The Leftovers Perfectly Captured the Confusion of the Human Experience

The Leftovers tackled big existential questions on its way to TV greatness.

Nora Durst (Carrie Coon) and Kevin Garvey (Justin Theroux) in The Leftovers season 3.
Photo: HBO

This article contains plot details from all three seasons of The Leftovers but no finale spoilers.

What is the purpose of a great TV show? Is it to make us forget about our troubles for an hour or two while the stressors and traumas of everyday life fade into the background? Should the characters on the screen give us a blueprint for our own decisions? Perhaps a good laugh or a twisty cliffhanger provides a thrill that a boring nine-to-five corporate job simply can’t. 

HBO has often elevated the television viewing experience above these simple motivators, crafting stories that evoke deeper meaning and elicit emotional responses. The Sopranos, The Wire, Game of Thronesall these famous series jolt to the top of the network’s Mount Rushmore, but perhaps one unfathomably underrated show hurdles them all, and it just turned 10 years old this week. 

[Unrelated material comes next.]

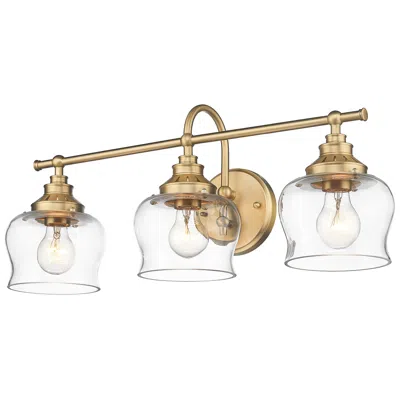Golden Lighting Daphne 24" Wide Brushed Champagne Bronze 3-light Bath Light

The Leftovers is unlike anything ever put on the small screen. Created by venerable TV fixture Damon Lindelof (Lost, Watchmen) and based on the novel of the same name by Tom Perrotta, this supernatural drama mixes genres in a way that makes it almost impossible to describe to someone who’s never had the privilege of watching it. The Leftovers digs into the deepest part of the human experience with a horrifying question: what if the ones we loved disappeared without a trace?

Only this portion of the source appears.